# Hypothesis Testing

Shamelessly stolen from: <br>
https://github.com/eceisik/eip/blob/main/hypothesis_testing_examples.ipynb

In [1]:
import numpy as np
from scipy import stats
import pandas as pd
pd.options.display.float_format = '{:,.4f}'.format

In [7]:
def check_normality(data, threshold=30):
    """
    Perform a normality test using the Shapiro-Wilk test for small samples
    and the Kolmogorov-Smirnov test for larger samples.

    Parameters:
    data (list or array-like): The sample data to test for normality.
    threshold (int): The sample size threshold to switch between tests.
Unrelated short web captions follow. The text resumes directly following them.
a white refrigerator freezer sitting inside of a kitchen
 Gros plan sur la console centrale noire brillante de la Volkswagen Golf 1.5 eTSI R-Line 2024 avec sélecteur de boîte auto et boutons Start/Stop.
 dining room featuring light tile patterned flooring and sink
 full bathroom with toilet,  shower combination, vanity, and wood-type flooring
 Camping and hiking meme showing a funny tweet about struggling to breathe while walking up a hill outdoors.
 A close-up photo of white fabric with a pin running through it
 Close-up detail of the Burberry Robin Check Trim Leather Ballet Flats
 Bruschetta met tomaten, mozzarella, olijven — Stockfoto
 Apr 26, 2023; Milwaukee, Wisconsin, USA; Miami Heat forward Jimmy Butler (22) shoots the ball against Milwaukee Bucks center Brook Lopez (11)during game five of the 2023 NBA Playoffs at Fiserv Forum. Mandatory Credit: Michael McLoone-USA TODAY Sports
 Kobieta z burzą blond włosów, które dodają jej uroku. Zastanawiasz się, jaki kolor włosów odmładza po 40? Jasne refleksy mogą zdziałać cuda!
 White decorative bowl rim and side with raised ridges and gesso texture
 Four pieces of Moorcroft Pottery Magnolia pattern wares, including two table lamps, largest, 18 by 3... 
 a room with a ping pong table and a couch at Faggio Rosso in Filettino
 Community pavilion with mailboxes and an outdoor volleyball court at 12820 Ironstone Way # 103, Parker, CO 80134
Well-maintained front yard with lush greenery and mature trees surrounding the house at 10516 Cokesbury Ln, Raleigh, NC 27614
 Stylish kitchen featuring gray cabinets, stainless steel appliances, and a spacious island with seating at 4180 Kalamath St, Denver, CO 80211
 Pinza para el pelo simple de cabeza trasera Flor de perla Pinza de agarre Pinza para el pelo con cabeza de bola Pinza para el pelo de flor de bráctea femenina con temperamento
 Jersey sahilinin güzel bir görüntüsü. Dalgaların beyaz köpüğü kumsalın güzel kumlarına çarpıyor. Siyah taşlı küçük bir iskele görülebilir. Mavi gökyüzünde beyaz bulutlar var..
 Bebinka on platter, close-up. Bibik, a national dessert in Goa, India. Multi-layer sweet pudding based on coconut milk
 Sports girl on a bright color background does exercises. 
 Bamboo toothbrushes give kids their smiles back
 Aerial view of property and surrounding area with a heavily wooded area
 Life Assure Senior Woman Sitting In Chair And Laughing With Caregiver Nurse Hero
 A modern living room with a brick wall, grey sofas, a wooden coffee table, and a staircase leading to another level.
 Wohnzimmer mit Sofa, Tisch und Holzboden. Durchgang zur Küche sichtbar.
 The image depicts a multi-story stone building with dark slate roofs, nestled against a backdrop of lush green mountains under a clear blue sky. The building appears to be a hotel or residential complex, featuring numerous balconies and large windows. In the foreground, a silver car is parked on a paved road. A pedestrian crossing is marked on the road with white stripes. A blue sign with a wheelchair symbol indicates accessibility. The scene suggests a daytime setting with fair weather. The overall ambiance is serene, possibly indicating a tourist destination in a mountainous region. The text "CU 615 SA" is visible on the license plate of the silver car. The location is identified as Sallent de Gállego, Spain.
Default is 30.

    Returns:
    test_name (str): The name of the test performed.
    statistic (float): The test statistic.
    p_value (float): The p-value of the test.
    """
    
    n = len(data)
    
    if n <= threshold:
        test_name = "Shapiro-Wilk"
        statistic, p_value = stats.shapiro(data)
    else:
        test_name = "Kolmogorov-Smirnov"
        statistic, p_value = stats.kstest(data, 'norm', args=(np.mean(data), np.std(data)))
    
    print("p value:%.4f" % p_value)
    if p_value <0.05:
        print("Reject null hypothesis >> The data is not normally distributed")
    else:
        print("Fail to reject null hypothesis >> The data is normally distributed") 

In [10]:
def check_variance_homogeneity(group1, group2):
    test_stat, p_val = stats.levene(group1, group2)
    print("p value:%.4f" % p_val)
    if p_val <0.05:
        print("Reject null hypothesis >> The variances of the samples are different.")
    else:
        print("Fail to reject null hypothesis >> The variances of the samples are same.")

## Q1.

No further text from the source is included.